===== DATA LISTING =====

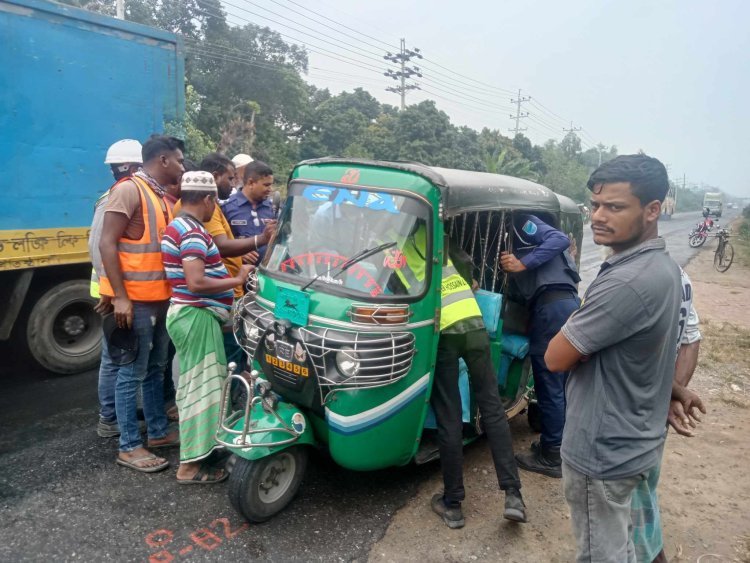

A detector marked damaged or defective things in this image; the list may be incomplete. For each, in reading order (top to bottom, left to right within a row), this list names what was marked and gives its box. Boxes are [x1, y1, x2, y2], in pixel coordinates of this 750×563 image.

cracked windshield [266, 185, 428, 300]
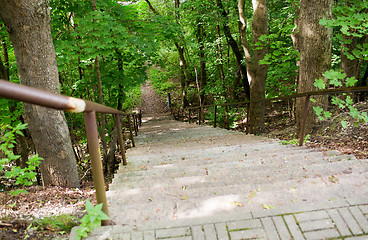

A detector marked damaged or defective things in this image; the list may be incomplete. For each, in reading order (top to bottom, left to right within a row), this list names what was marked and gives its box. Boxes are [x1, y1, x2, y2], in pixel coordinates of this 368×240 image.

rusty brown railing [0, 79, 141, 223]
rusty brown railing [175, 86, 368, 146]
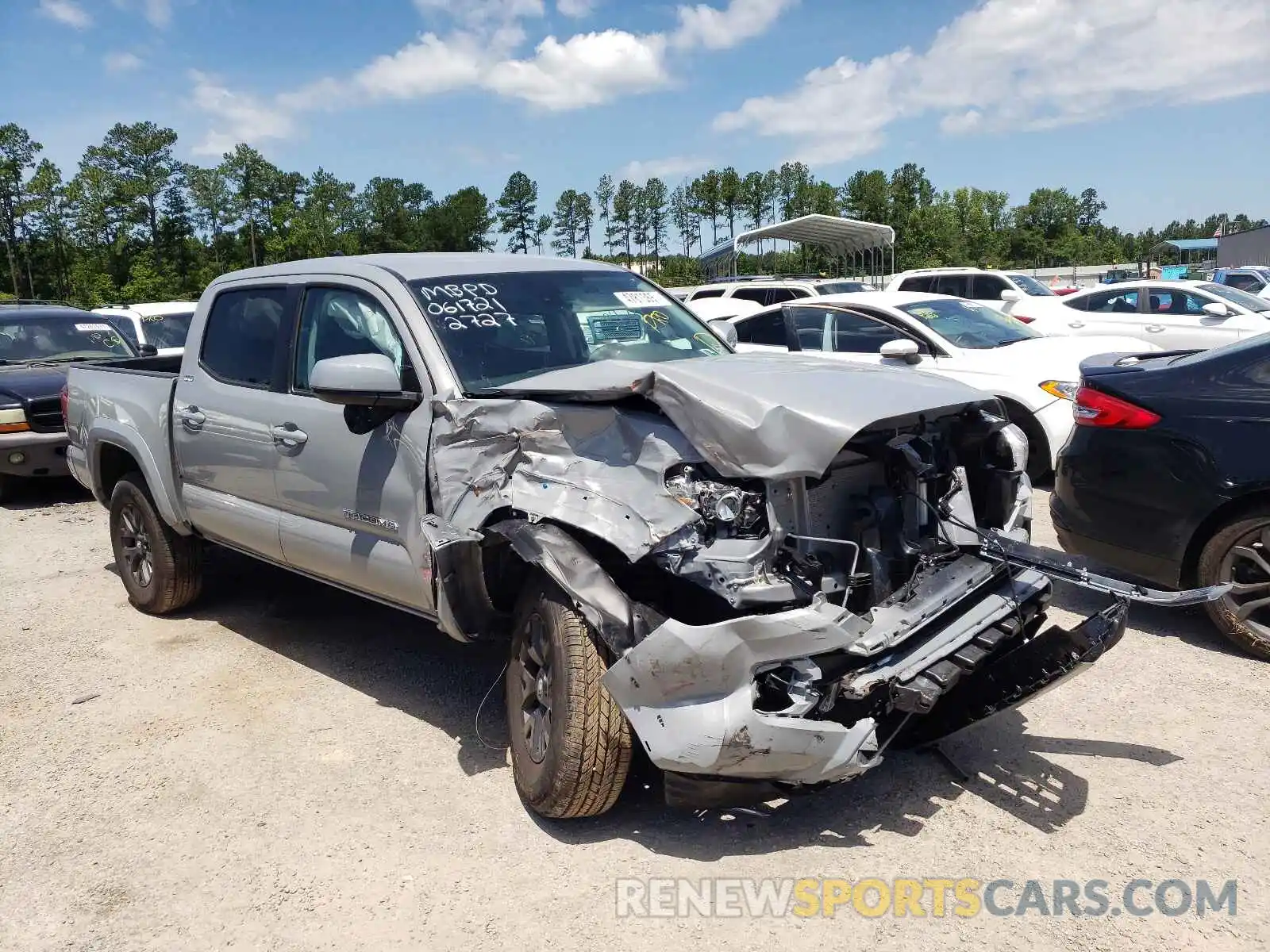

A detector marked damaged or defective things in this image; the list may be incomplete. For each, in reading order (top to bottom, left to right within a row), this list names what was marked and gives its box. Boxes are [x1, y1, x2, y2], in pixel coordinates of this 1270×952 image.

crumpled hood [0, 359, 67, 400]
crumpled hood [473, 354, 991, 479]
broken headlight [664, 463, 765, 539]
damaged bumper [603, 562, 1130, 800]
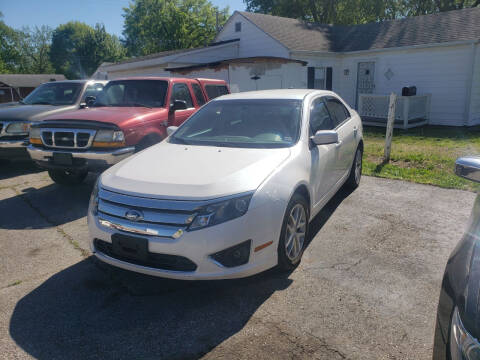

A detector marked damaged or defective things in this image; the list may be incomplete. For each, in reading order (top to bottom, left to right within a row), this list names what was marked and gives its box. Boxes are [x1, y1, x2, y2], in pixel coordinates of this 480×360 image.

cracked asphalt [0, 161, 476, 360]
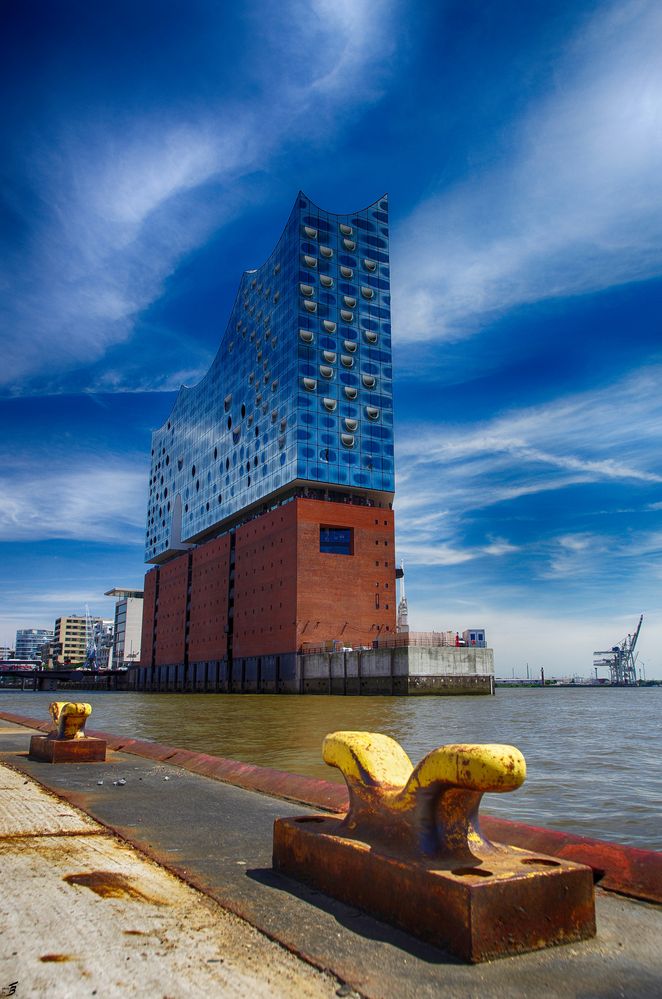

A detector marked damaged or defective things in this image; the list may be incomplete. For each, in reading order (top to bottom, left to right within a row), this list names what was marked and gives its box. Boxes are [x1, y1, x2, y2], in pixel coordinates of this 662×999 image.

=====

• [WORK INSTRUCTION]:
Give back every entry verbatim. No pictures belong in the copy.

• [ANSWER BELOW]:
A detector marked damaged or defective things in this image; the list may be incomplete. For each, in reading order (top to bottom, left to right within a row), this list names what was marked and gives its box. Boxes are [x1, y1, x2, y2], in pixel coordinates of this 750×563 image.

cracked windshield [266, 185, 428, 300]

A detector marked damaged or defective things in this image; the list may be incomplete. For each, in reading order (top to bottom, left to right within a row), this list names what was marked and gives its box. Boxes are [x1, y1, x2, y2], in pixel coordinates of this 368×240 image.

rusty brown railing [0, 79, 141, 223]
rusty brown railing [175, 86, 368, 146]

A detector marked damaged or defective things in this image; the list may be incomplete. For each, in reading order (top to bottom, left to right within a row), this list names what was marked and gives its box. Boxes are [x1, y1, x2, y2], in pixel coordinates of this 1270×952 image.

crumpled hood [0, 359, 67, 400]
crumpled hood [473, 354, 991, 479]
broken headlight [664, 463, 765, 539]
damaged bumper [603, 562, 1130, 800]

A detector marked damaged or defective things in this image; the list may be incomplete. For each, in reading order (top to bottom, left to right within a row), this list names what was marked and gives its box. Boxes are [x1, y1, x2, y2], in pixel coordinates of this 480×360 image.

cracked asphalt [0, 161, 476, 360]

A detector marked damaged or defective things in this image; the list may be incomplete. For each, in reading order (top to bottom, left to right within a row), this list names what was marked and gives its box. Boxes are [x1, y1, x2, y2], in pixel coordinates of this 662×999 image.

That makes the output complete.